Print all element in XML extractor in U-Sql


I am new to U-Sql and writing code for extracting xml element. Here is my XML code.

<Dispositions>
  <Disposition>test 1</Disposition>
  <Disposition> test 2</Disposition> 
</Dispositions>

I was trying to display all "Disposition" values. But final output displaying "Test 2" only. I have code as below.

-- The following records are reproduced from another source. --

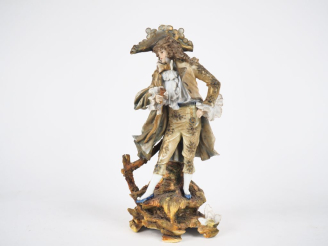 Vente aux enchères Sujet en porcelaine polychrome XIXème, "élégant du Directoire". H. 24 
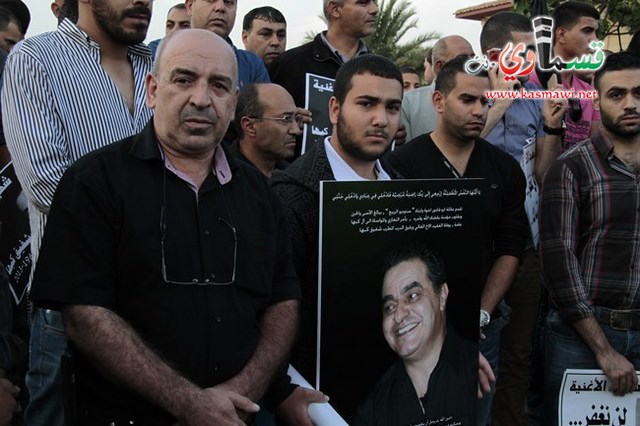 حضور قطري جماهيري واسع في مسيرة الوفاء لشهيد الأغنية التراثية الفلسطينية شفييق كبها في كفرقرع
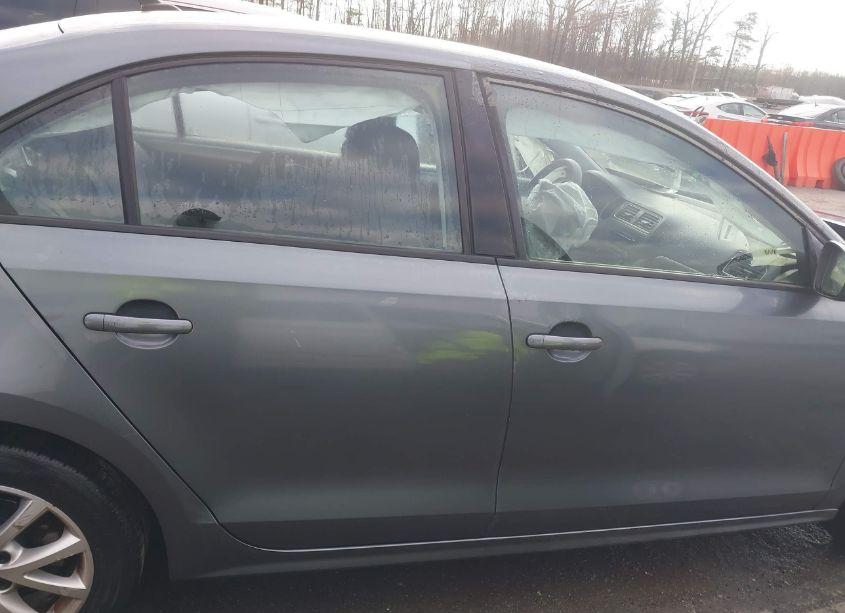 Photo 12 of 2015 Volkswagen Jetta 1.8T SE (VIN 3VWD17AJXFM251030)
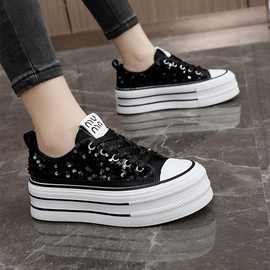 2025夏季新款板鞋女高级感小众时尚亮片厚底帆布鞋薄款休闲运动鞋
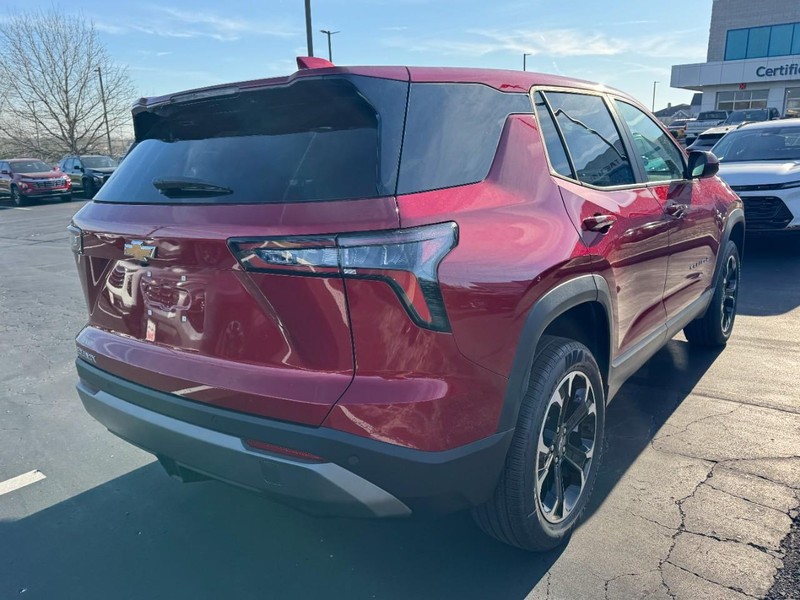 Chevrolet Equinox Vehicle Image 03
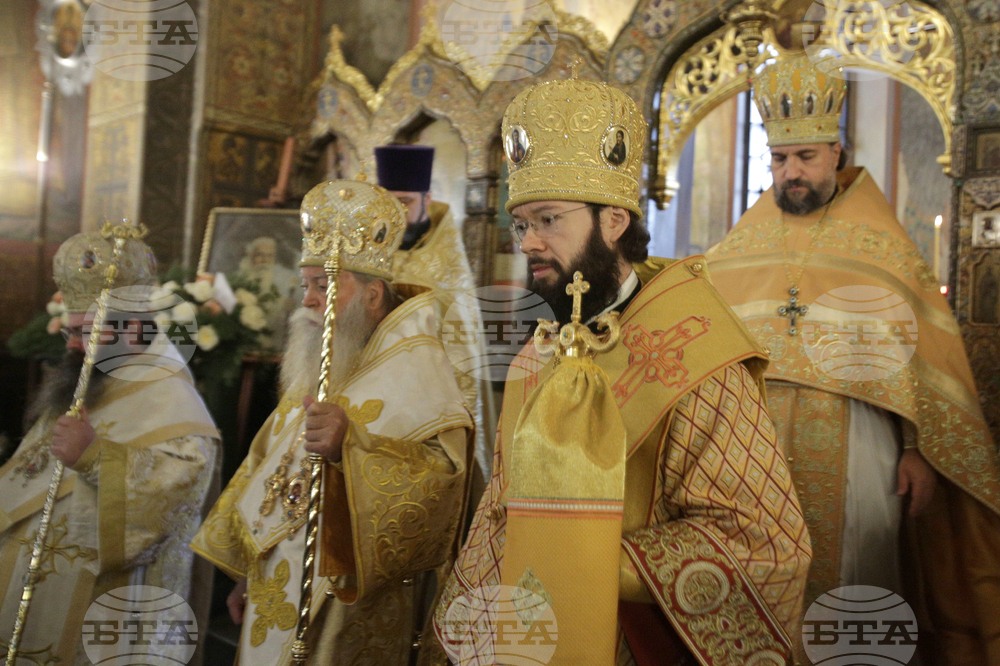 За празника на храма-подворие "Св. Николай Мирликийски" се отслужва литургия, а отвън българи и украинци носят плакат "Тук не е Москва"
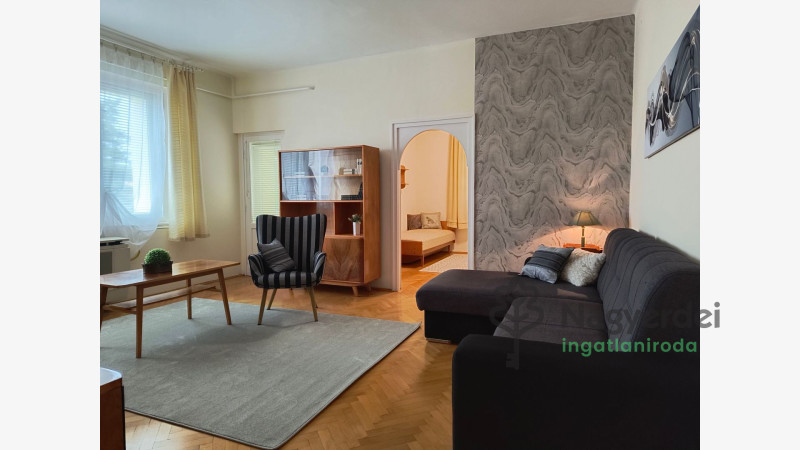 Debrecen, Egyetemváros, Lakás, tégla lakás  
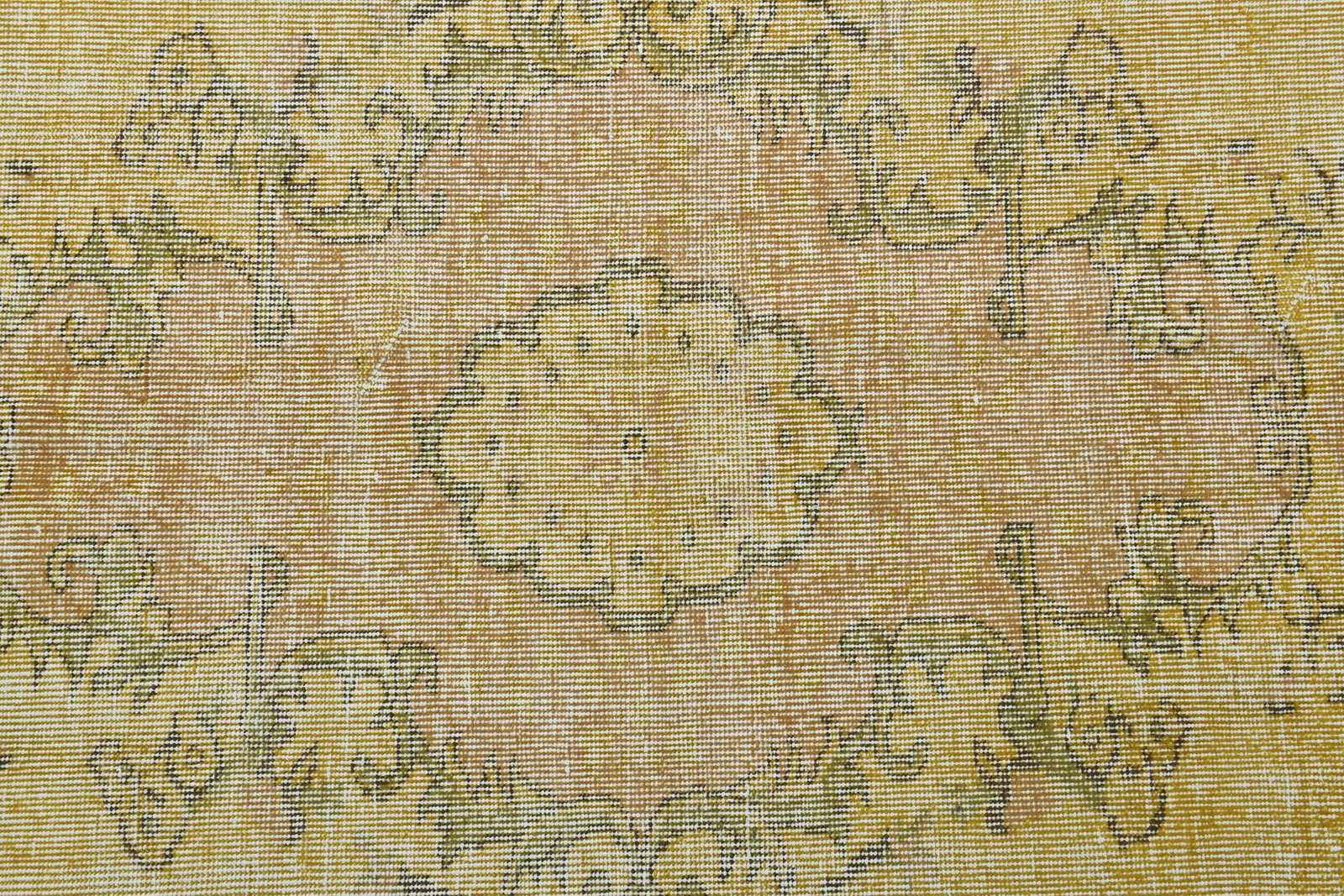 5'9x8'8 ft, YELLOW AREA RUG - 7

DECLARE @testFile string ="Marlboro20180301000000_child.xml";     
@xmlElementRowPath= EXTRACT Disposition string
    FROM @testFile
         USING new Microsoft.Analytics.Samples.Formats.Xml.XmlExtractor("Dispositions",
         new SQL.MAP<string,string>{
{"Disposition","Disposition"} 
} 
);

@words =
        SELECT Ar.word, COUNT(*) AS count
    FROM @xmlElementRowPath
        CROSS APPLY
            EXPLODE(new SQL.ARRAY<String>( Disposition.Split(','))) AS Ar(word)
    GROUP BY Ar.word;
    //ORDER BY count DESC;
OUTPUT @words
TO "test.csv"
USING Outputters.Csv();

I have been expecting output as

Test 1
Test 2

But receiving only Test 2 as output


Solution

  • I got this to work using the XmlDomExtractor. Some sample code:

    REFERENCE ASSEMBLY [Microsoft.Analytics.Samples.Formats];
    
    // Get the xml using sample extractor
    @input = EXTRACT Disposition string
         FROM "/input/yourXML.xml"
         USING new Microsoft.Analytics.Samples.Formats.Xml.XmlDomExtractor(rowPath:"Disposition",
                                 columnPaths:new SQL.MAP<string, string> { {".", "Disposition"} } );
    
    
    // Do some processing here
    @output = SELECT * FROM @input;
    
    
    // Output
    OUTPUT @output
    TO "/output/output.csv"
    USING Outputters.Csv();
    

    My results:

    My results

    I'm not sure why you need the Split method - does the xml Disposition node hold text that needs to be split by some delimiter? If so, please post some more realistic sample data.